The task:
Each line below from the one containing "Pantalon Palazzo Femme" through the one containing "bloemen symmetrisch motief tribal" should be output exactly as it stands, and no other line should appear.

Extracted records:
-----

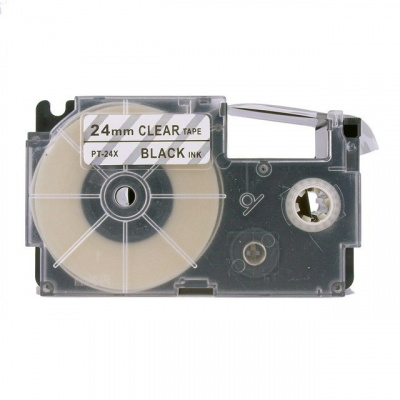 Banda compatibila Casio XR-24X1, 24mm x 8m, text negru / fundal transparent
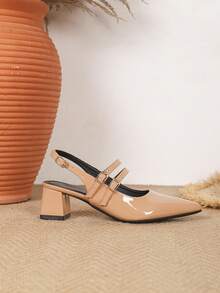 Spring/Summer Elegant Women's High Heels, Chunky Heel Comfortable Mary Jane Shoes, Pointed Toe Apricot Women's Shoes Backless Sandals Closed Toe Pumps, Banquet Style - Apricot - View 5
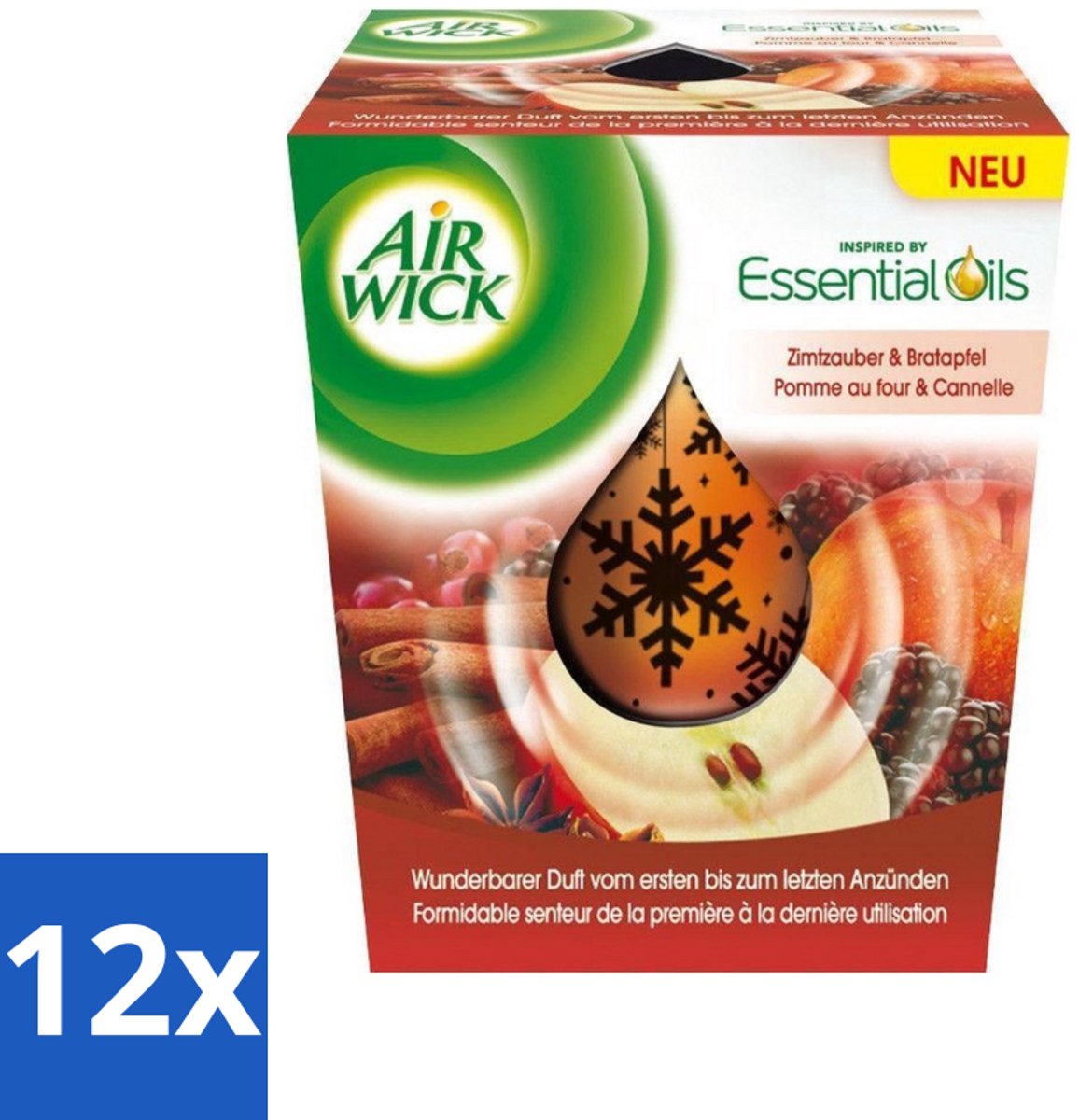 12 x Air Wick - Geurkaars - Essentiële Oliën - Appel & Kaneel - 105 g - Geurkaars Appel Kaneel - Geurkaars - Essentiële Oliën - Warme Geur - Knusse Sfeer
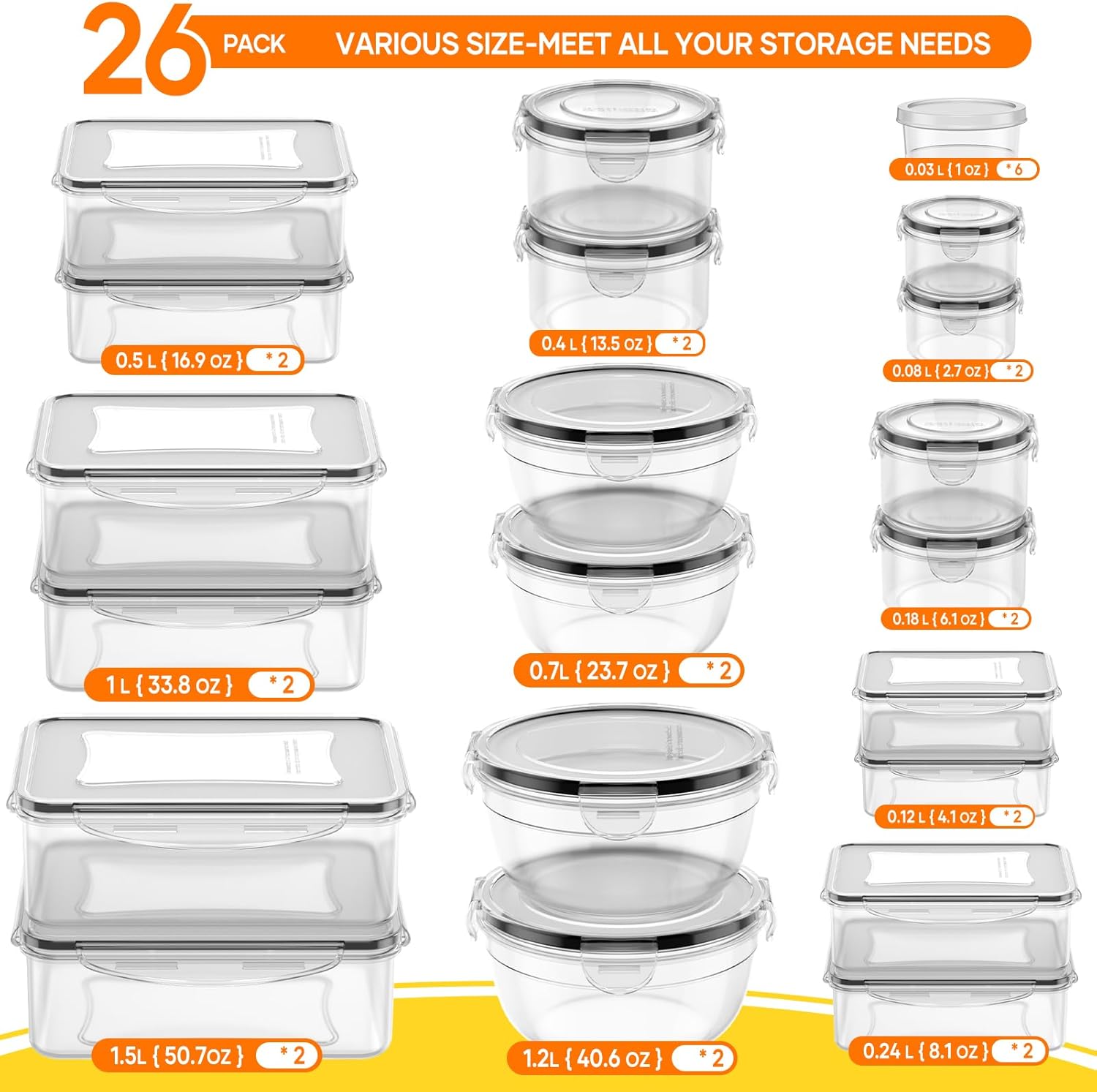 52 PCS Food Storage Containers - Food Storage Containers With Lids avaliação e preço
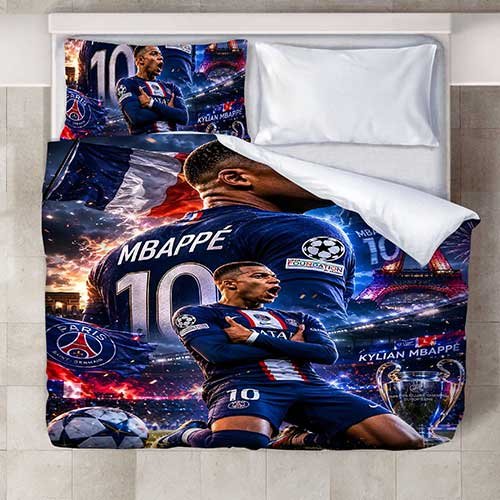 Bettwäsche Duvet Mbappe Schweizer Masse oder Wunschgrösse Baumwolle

-----

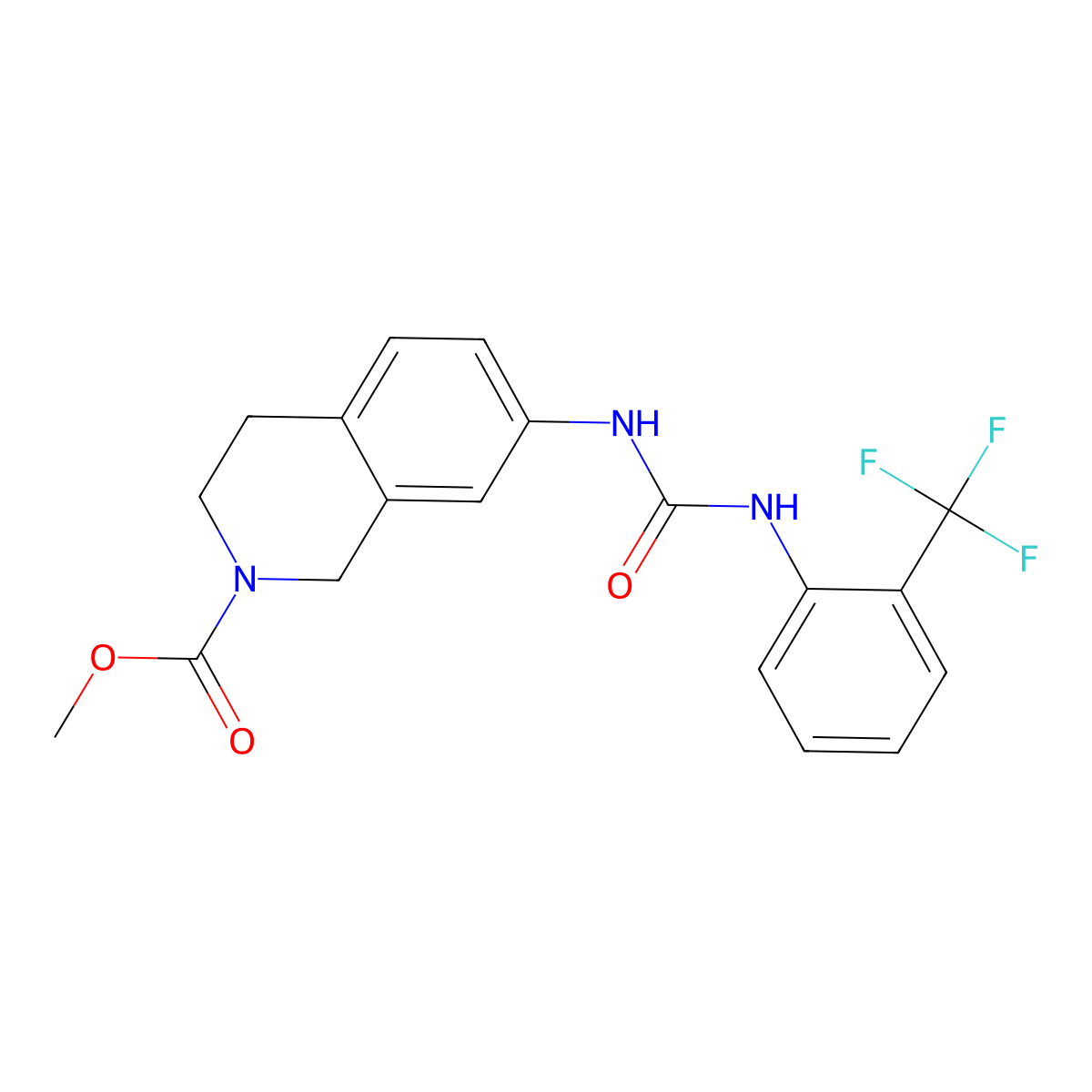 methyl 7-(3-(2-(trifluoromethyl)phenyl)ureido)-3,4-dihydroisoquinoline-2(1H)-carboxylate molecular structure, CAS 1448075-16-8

-----

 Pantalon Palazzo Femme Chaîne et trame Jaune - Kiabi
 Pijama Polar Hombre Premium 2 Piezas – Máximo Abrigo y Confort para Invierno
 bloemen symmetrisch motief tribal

-----

Exercise result:
 Pantalon Palazzo Femme Chaîne et trame Jaune - Kiabi
 Pijama Polar Hombre Premium 2 Piezas – Máximo Abrigo y Confort para Invierno
 bloemen symmetrisch motief tribal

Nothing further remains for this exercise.